Così, la prima pagina del foglio berlusconiano, diretto da Sallusti, ospita in primo piano una sventolante e gigantesca bandiera con Che Guevara (sottotitolo obbligato: “Hasta la victoria siempre”) che copre quasi completamente, ma non abbastanza, il duomo di Milano: un contrasto che, immaginiamo, abbia provocato vere crisi di panico misto a terrore agli aficionados conservatori della “Madunina”.
Titolo in taglio alto: “Grande psicodramma”, spiegato da un editoriale del direttore sintetizzabile con una manciata di lessemi: Sallusti definisce “una grande, enorme stronzata” la scelta dei milanesi per Giuliano Pisapia “già amico di terroristi prima e di centri sociali poi”. Per poi chiudere in bellezza, con un’elegante battuta rivolta a Nichi Vendola - “padrino di Pisapia” - che ieri aveva ringraziato i “fratelli rom” e parlato di “città liberata”: “Ma parla per te”, ribatte Sallusti, “gli sfruttatori di bambini e scippatori di vecchiette saranno fratelli tuoi!”. Come utilizzare in una manciata di parole tutti i peggiori “tòpoi” della colorita comunicazione pre-elettorale morattiana. Chiude questo capolavoro di prima pagina (da stampare e conservare a futura memoria), il consueto pezzetto del “libero” intellettuale di regime, Marcello Veneziani, che sentenzia come un Paolo Fox qualsiasi, dunque, più sfigato dell’originale: “Io credo ai simboli e penso che quel duomo in faccia a Berlusconi sia stato il segnale e il presagio di ciò che sarebbe accaduto a Milano”. E così sia.

Ma l’acme del racconto post-elettorale e dell’analisi del voto è prerogativa di Libero, con un Vittorio Feltri che non delude mai.
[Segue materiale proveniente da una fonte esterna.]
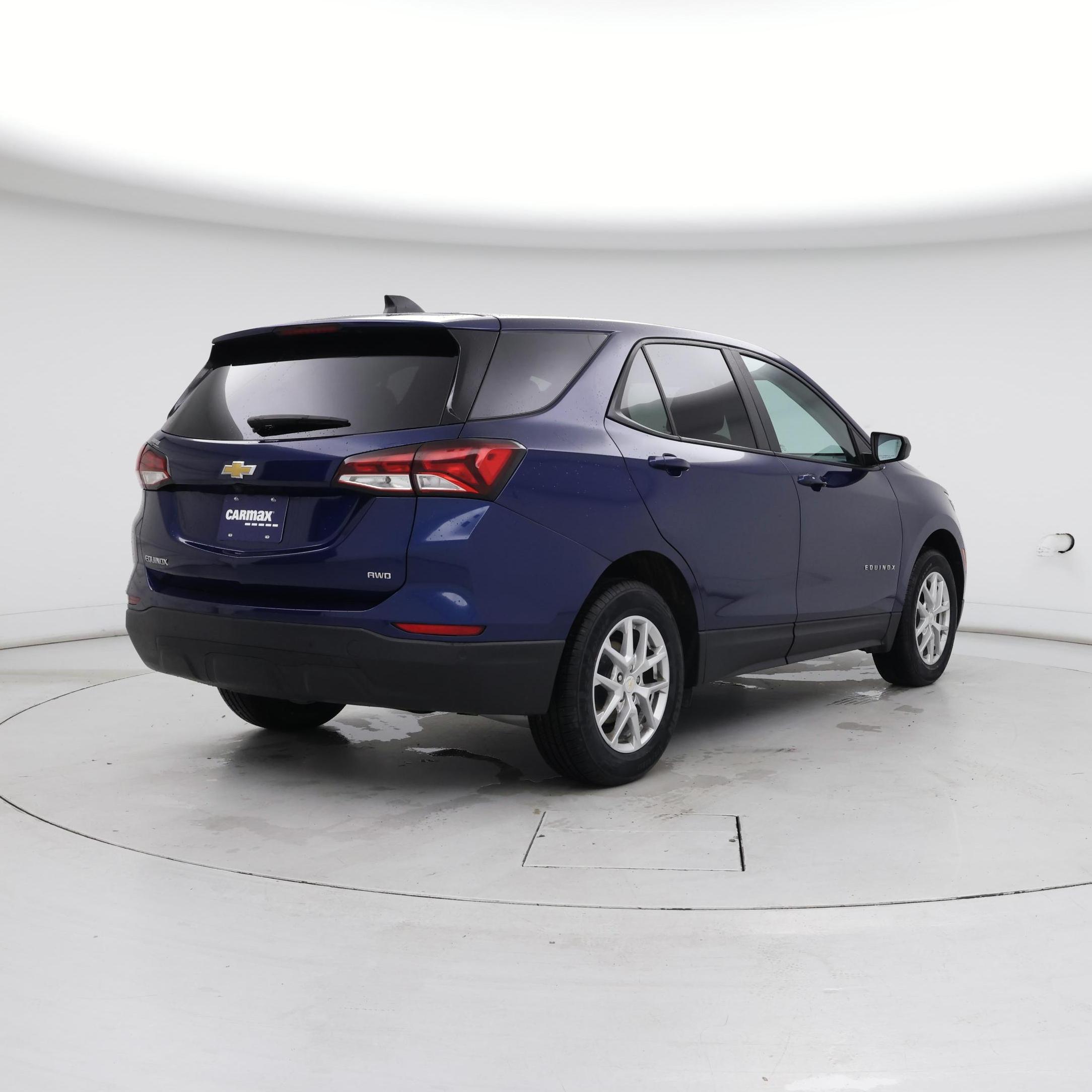 Thumbnail: 2022 Chevrolet Equinox - 8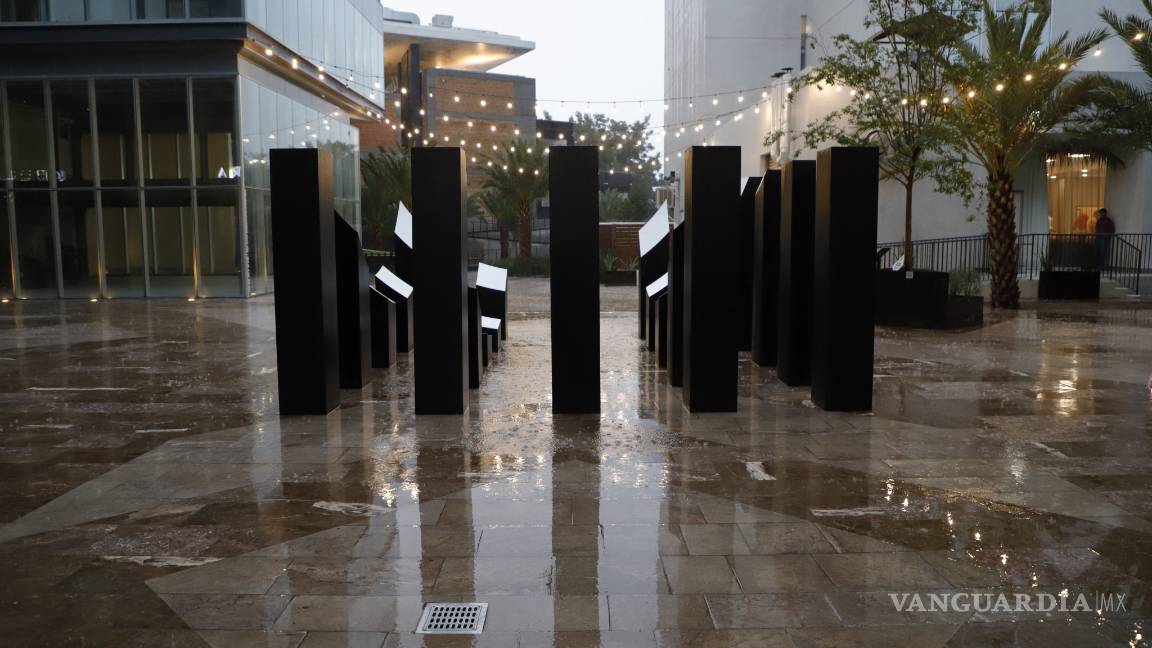 $!Formas fantasma en Parque Centro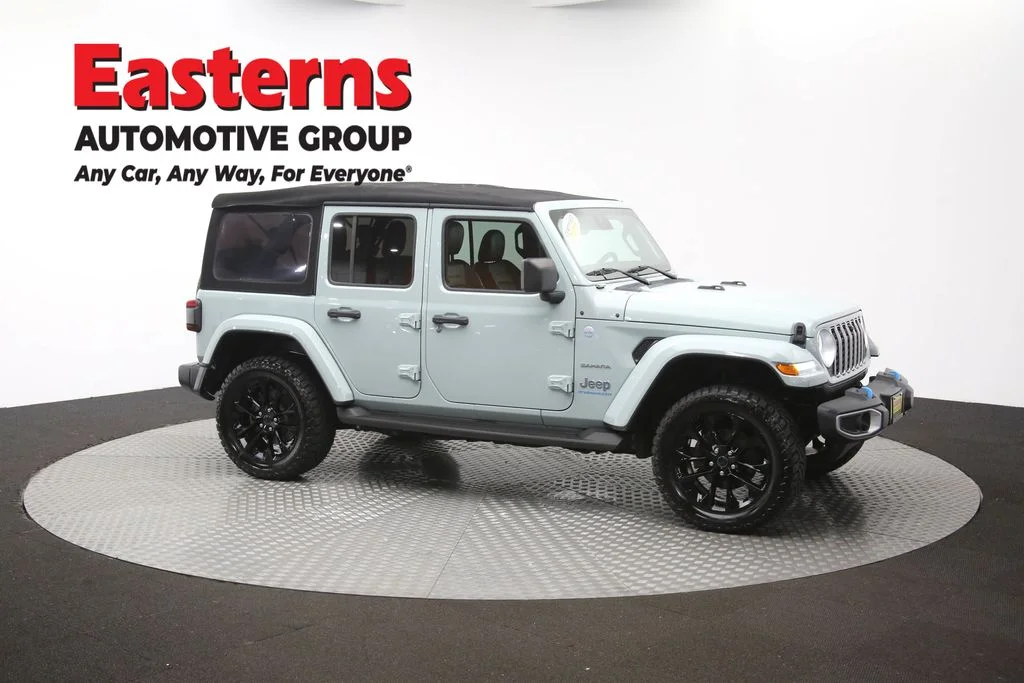 Used 2024 Gray Jeep Sahara 4xe image 47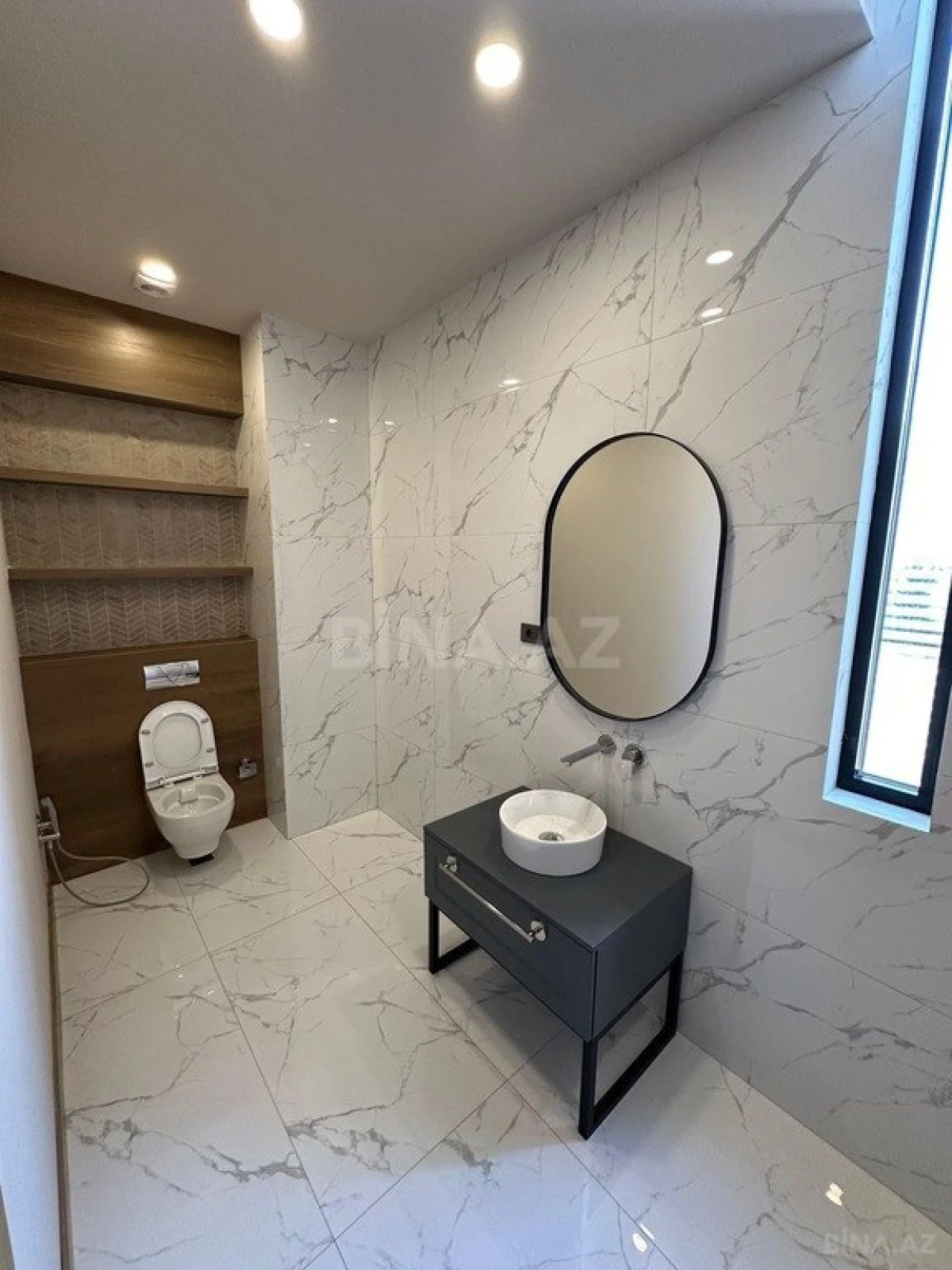 Kirayə verilir 5 otaqlı həyət evi 350 m²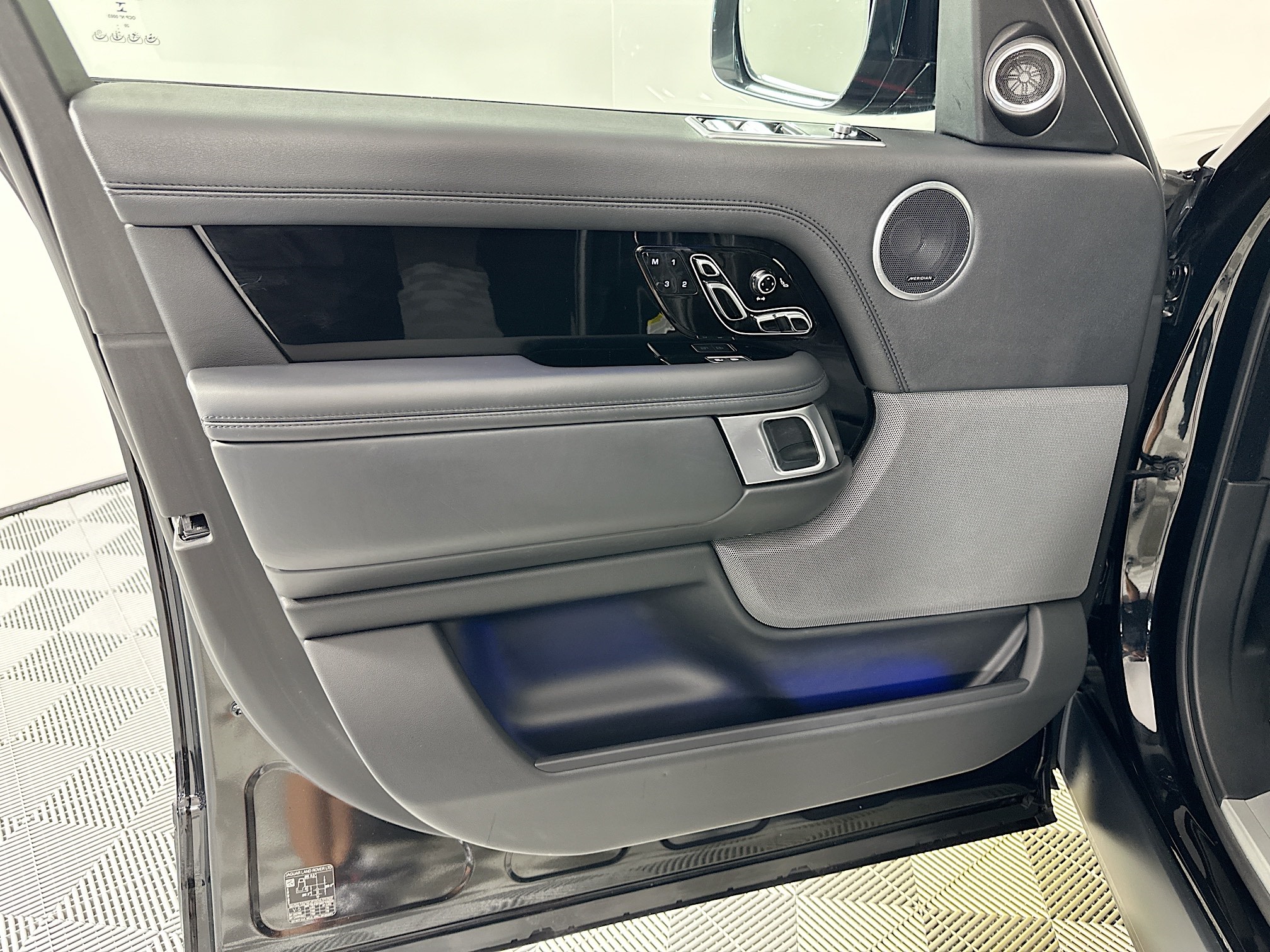 used 2021 Land Rover Range Rover car, priced at $58,998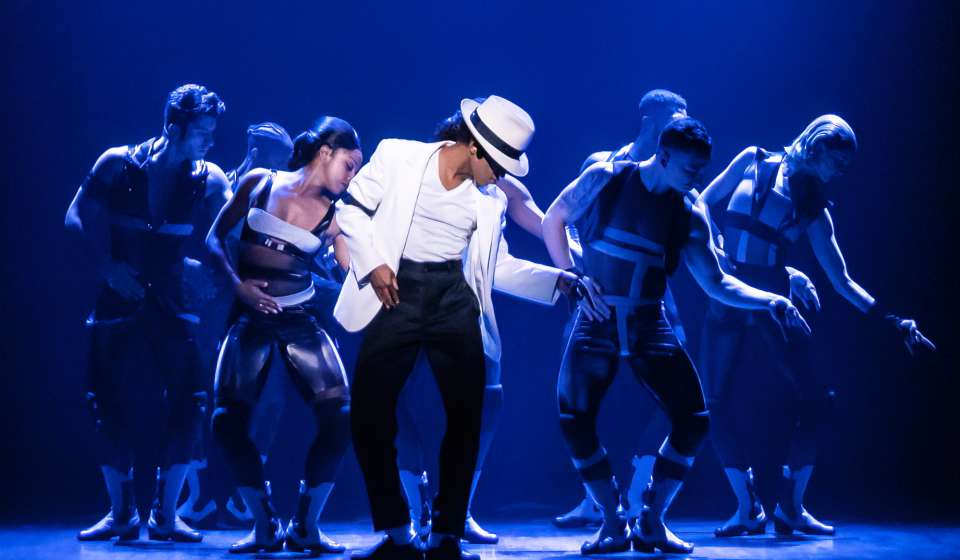 Roman Banks as ‘MJ’ and the cast of the First National Tour of MJ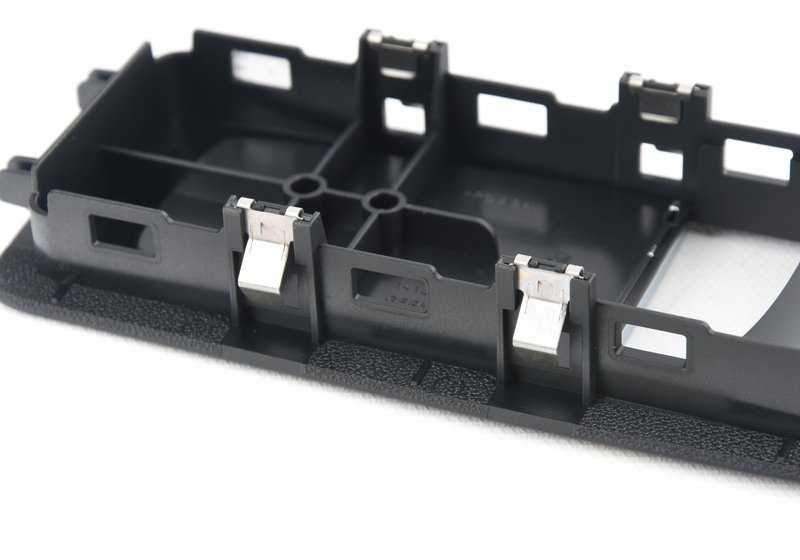 Cubierta Interruptor Elevalunas Lado del Conductor para BMW F21N, F22, F87N, F32N, F82N (OEM 51417443984). Original BMW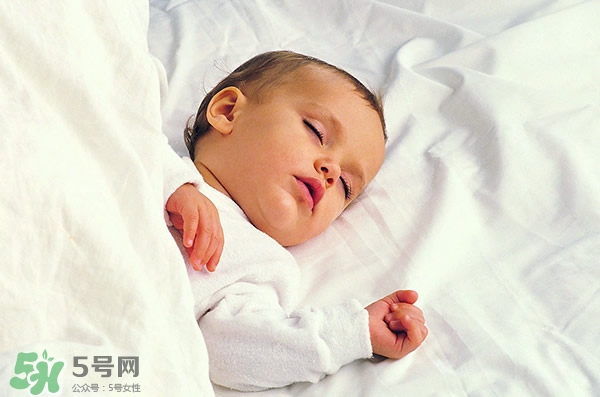 寶寶睡覺搖頭怎么回事？寶寶睡覺搖頭是缺鈣嗎？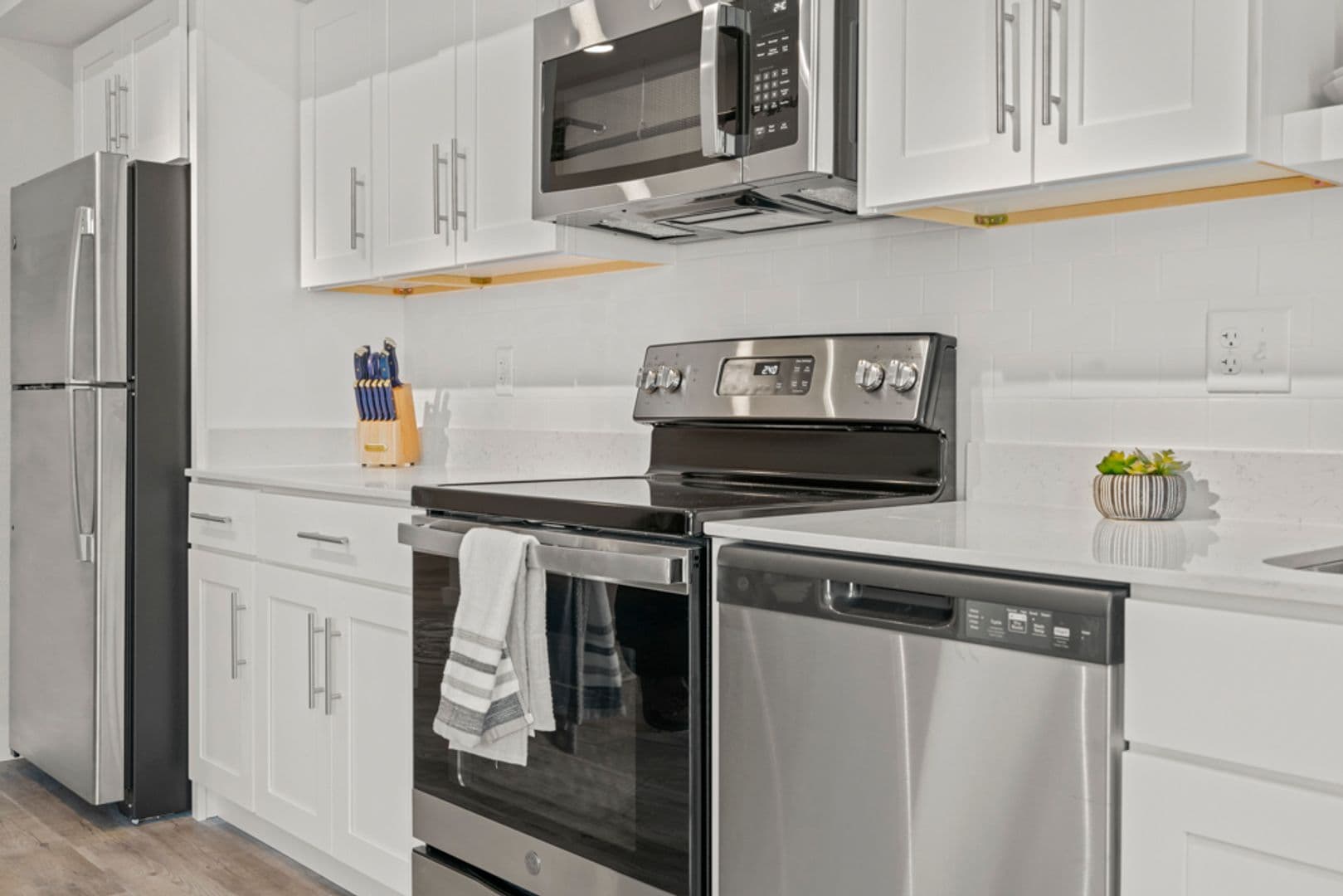 Decorah Apartment: 2342 Sweet Parkway Road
Già ieri pomeriggio, quando la vittoria del centrosinistra era data per certa sulla base degli intention poll, rimbalzava in Rete il formidabile titolo che il giornale aveva pubblicato sulla sua homepage: “Ora godetevi il comunismo”. Immortalando, così, non solo un ossimoro semantico - godimento e comunismo – dai sicuri effetti comici, ma fermando in un’istantanea verbale, quella che serenamente – oggi – possiamo definire in romanesco “la grande rosicata”.
A mente lucida, sulla prima pagina di oggi, poi, il tandem direttoriale Vittorio Feltri e Maurizio Belpietro parla senza mezzi termini di “catastrofe” e “disastro”. E per rendere meglio l’idea, ritrae un Silvio Berlusconi caricaturale e piangente, sotto il titolo allusivo: “Chiagne e non fotte”. Il corsivo di Feltri contiene un invito al Cavaliere a tornare a fare “il Berlusconi”. Che vuol dire? Tradotto in sintesi: nei prossimi due anni, conclusivi della legislatura, la maggioranza di governo dovrebbe realizzare la promessa “riforma liberale”, “combattere” burocrazia, poteri forti, corporazioni. Tutti punti del programma berlusconiano tradito e ignorato nei fatti, perché - Feltri si rivolge direttamente al presidente del Consiglio - “Lei, ha le mani legate e la testa occupata da enormi problemi personali”.
A questo punto, non citare Karl Marx significherebbe fargli un torto: “La storia si ripete sempre due volte: la prima volta come tragedia, la seconda come farsa”. E oggi non è certamente tempo di tragedie per il centrodestra.